The Second Day

I “get” that people feel the urge to over-explain. We each and every one of us have situational reasons to cathect to rituals, and over time struggles cause plenty of angst to sediment onto these rituals. Apparently, some people have a lot invested into taking out the trash in this office. Without a female population, this service is a feminizing piece of housewifery that has to get done. When I said that I had no problem doing it, one faction breathed a sigh of relief while someone higher up told me “everyone makes this trash, everyone should take it out some time.”

Today, it was a package I need to rush out. The dithering explanation was incredibly elaborate.

“Here is where I keep the envelopes. Uh oh, it looks like I’m out of them. Let me show you where the extra ones are… Ok, you have two options. You can prepare the envelope first (make sure you put the dvd in the case before putting the case into the envelope) or you can call the courrier before putting together the package, which is my preference….”

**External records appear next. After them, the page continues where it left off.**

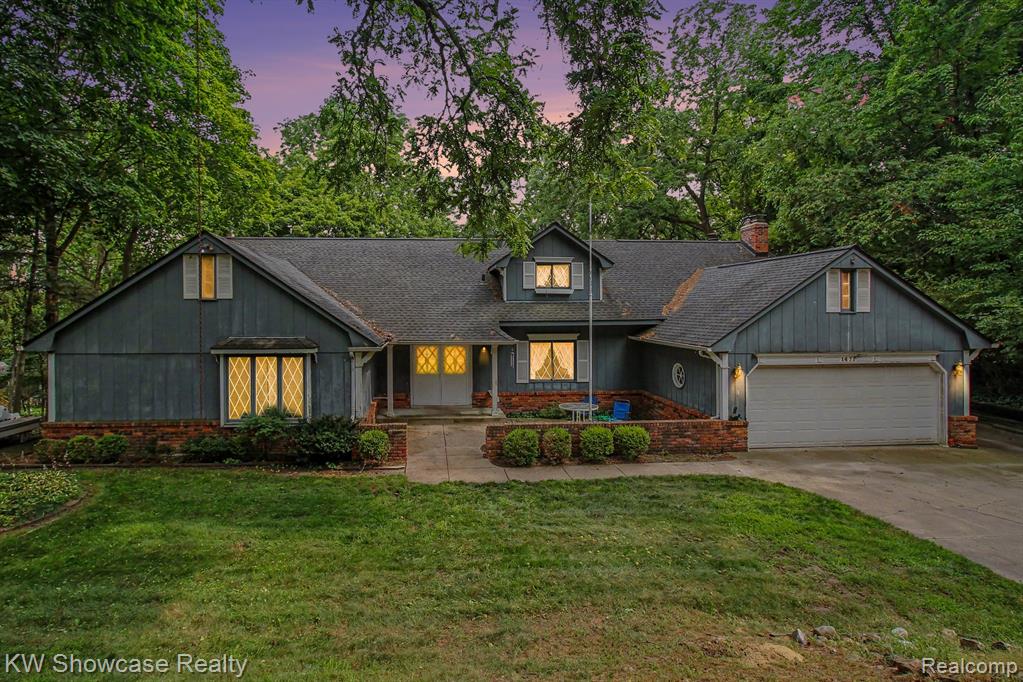 1471 Blue Heron Drive, Highland, MI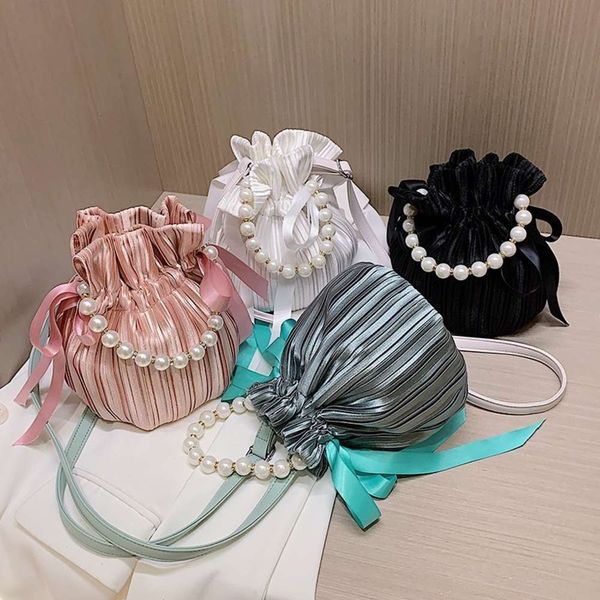 

women's bag pleated bucket is fashionable and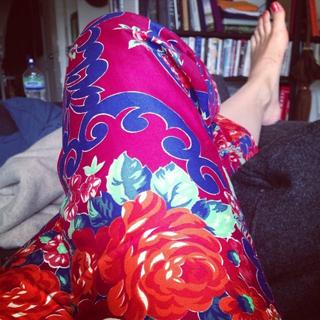 Bonnie Wright feet photo thumbnail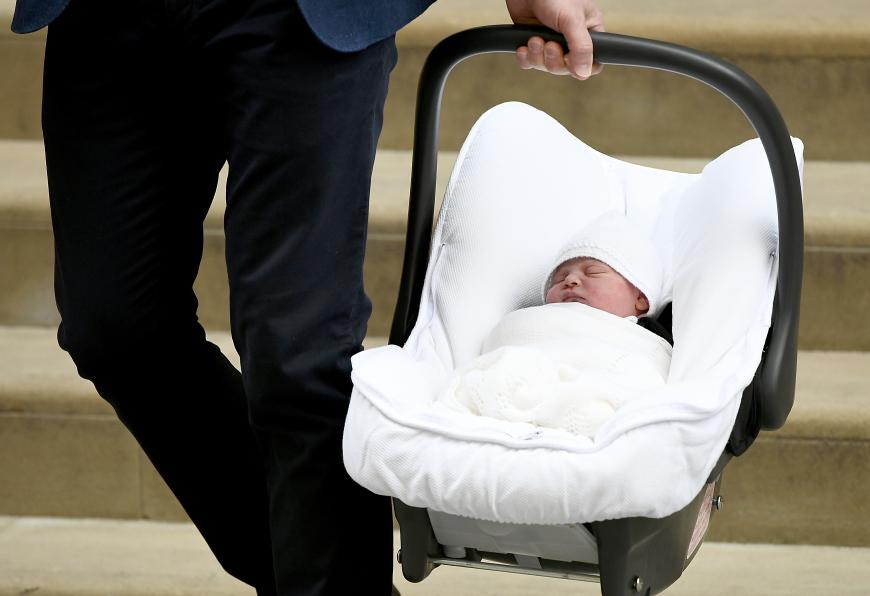 Zuckersüß schlummert der kleine Prinz in seinem Autositz.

I asked, “I should write the address on the envelope?” “Yes!” My irony went undetected. I received high marks for my intelligent input. What amused me the most about this is that I had just spent time performing tax calculations on the office payroll, making certain that everyone was correctly paid and that the deductions were correct to the fourth decimal point. When asked if I’ve done video editing on Final Cut Pro, I can answer “yes” with confidence, but when it comes to things like sending out mail or taking out garbage, it’s assumed that I know nothing. Or perhaps that’s because those tasks are easy to explain whereas none of these computer programmers can figure out how payroll is run?

This behavior is a far cry from HK sending me to the server room in the basement, barking the survivalist slogan “figure it out,” to bang my head against pipes and get spiderwebs all over my face as I puzzle over Microsoft’s exchange server. While the survivalists tested my endurance, the over-explainers are testing my patience. I am consoled by the thought that after a couple of months there will be nothing left to explain. On the other hand, I might have to adapt myself to the culture of pedantry as long as I’m in this position. For example, I found a procedure manual written by my predecessor wherein she explains how to prepare coffee.

    1. Full pot of water (12 cups)
    2. 6 level scoops of ground coffee

I asked around. She was the only person in the office who drinks coffee.